Jeramey Jannene
Eyes on Milwaukee

Couture Plans August 2023 Completion

City agreement requires groundbreaking for 44-story lakefront tower by February 1st.

By - Dec 8th, 2020 05:14 pm
The Couture transit concourse. Rendering by RINKA.

The Couture transit concourse. Rendering by RINKA.

Milwaukee’s tallest and most expensive apartment building ever, the 44-story The Couture is scheduled for a groundbreaking by February 1st and completion of construction by August 2023.

That’s according to Department of City Development representative Lori Lutzka and details in a new contract, set to be signed by the city and Barrett Lo Visionary Development.

Lutzka presented a revised city funding agreement to the Common Council’s Zoning, Neighborhoods & Development Committee on Tuesday morning. Without asking any questions, the committee unanimously endorsed the proposal. The full council is scheduled to consider the proposal on December 15th.

The development, located at 909 E. Michigan St., will include more than 300 high-end apartments, approximately 900 parking stalls, 50,000 square feet of commercial space and a public transit concourse for The Hop and East-West bus rapid transit line in its base.

Barrett Lo recently secured the necessary federal loan guarantee to advance the $185 million development.

“This was the last approval needed to complete the capital stack and move the project towards closing and groundbreaking,” said Lutzka. The project was first proposed in 2012, but faced a number of legal and financial challenges to get to this point.

The city, through a tax incremental financing district, will provide Barrett Lo Visionary Development with $19.5 million in grants to advance the project. It approved the financial obligation in 2017.

The funds, to be repaid by future property tax revenue from the development, are largely devoted to financing the transit concourse and public amenities in the three-story base ($17.5 million in costs) and relocating a city-owned sewer that bisects the property ($1.5 million).

The funds would be provided on a reimbursement basis.

In exchange, Barrett Lo will enter into a minimum assessed value agreement with the city.

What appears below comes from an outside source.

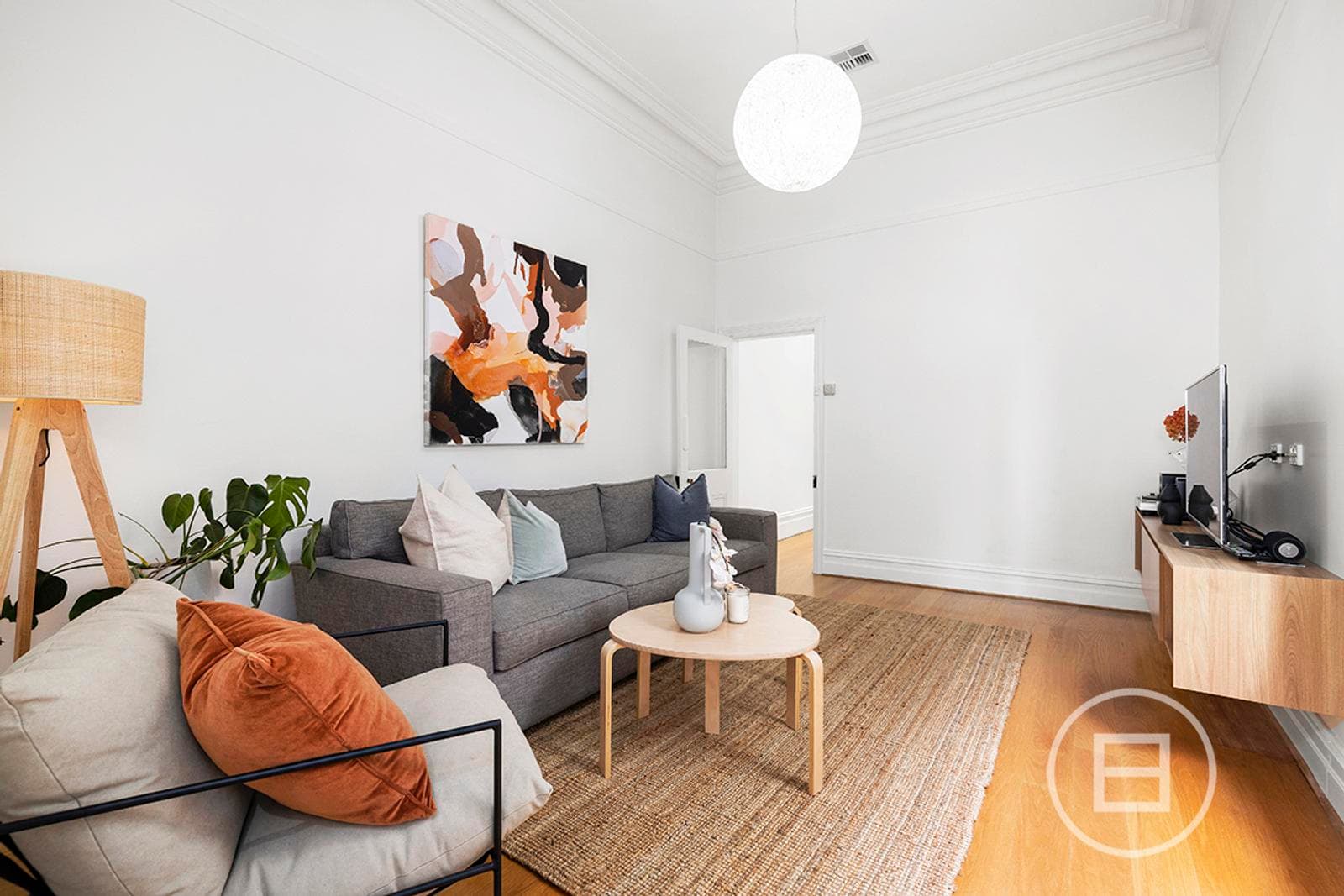 43 Murphy Street, RICHMOND, VIC, Richmond - Thumbnail 4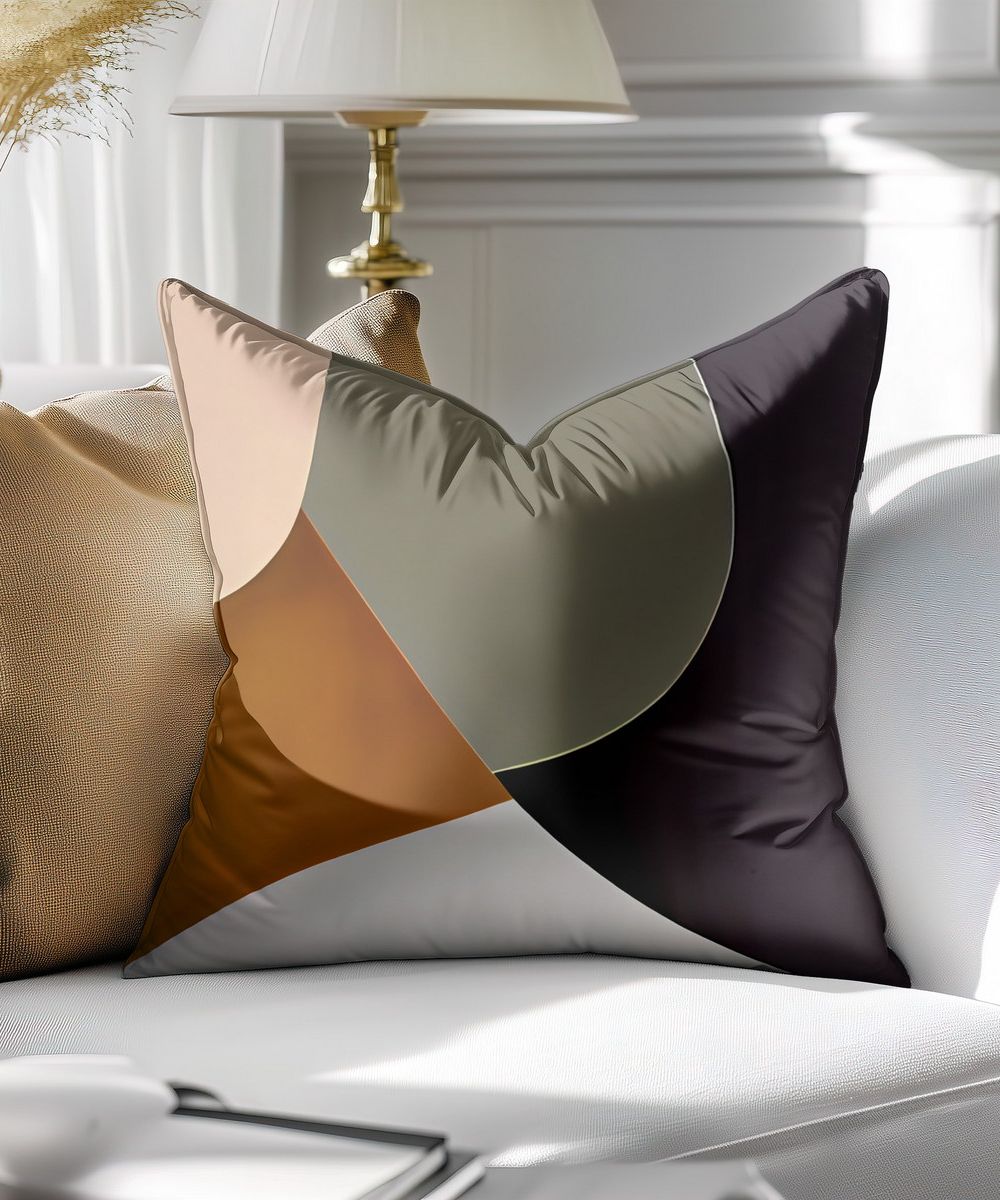 کوسن Pillow modern265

The agreement is intended to ensure that the value of the property is high enough to pay back the public funds used to support its construction.

The minimum value of the property would be $1.1 million in 2021, an amount that would grow to $38.3 million in 2024, the tax year after the building is completed and $67.3 million by 2041.

If all goes according to plan, the property would exceed those valuations. A 2017 report estimated the property would reach an assessed value of $77 million once initial leasing is completed.

Should Barrett Lo, or a successor, not make the required payments the city would be able to levy a special assessment against the property. The city could foreclose on the building for unpaid property taxes.

Because it is accepting over $1 million in TIF funds, Barrett Lo, architecture firm RINKA and general contractor J.H. Findorff & Son Inc. will also need to meet hiring and professional services benchmarks. At least 40% of the project’s construction work hours must be completed by unemployed or underemployed city residents. At least 25% of the project’s contracts, by value, must go to certified small businesses owned by minorities or members of other disadvantaged communities.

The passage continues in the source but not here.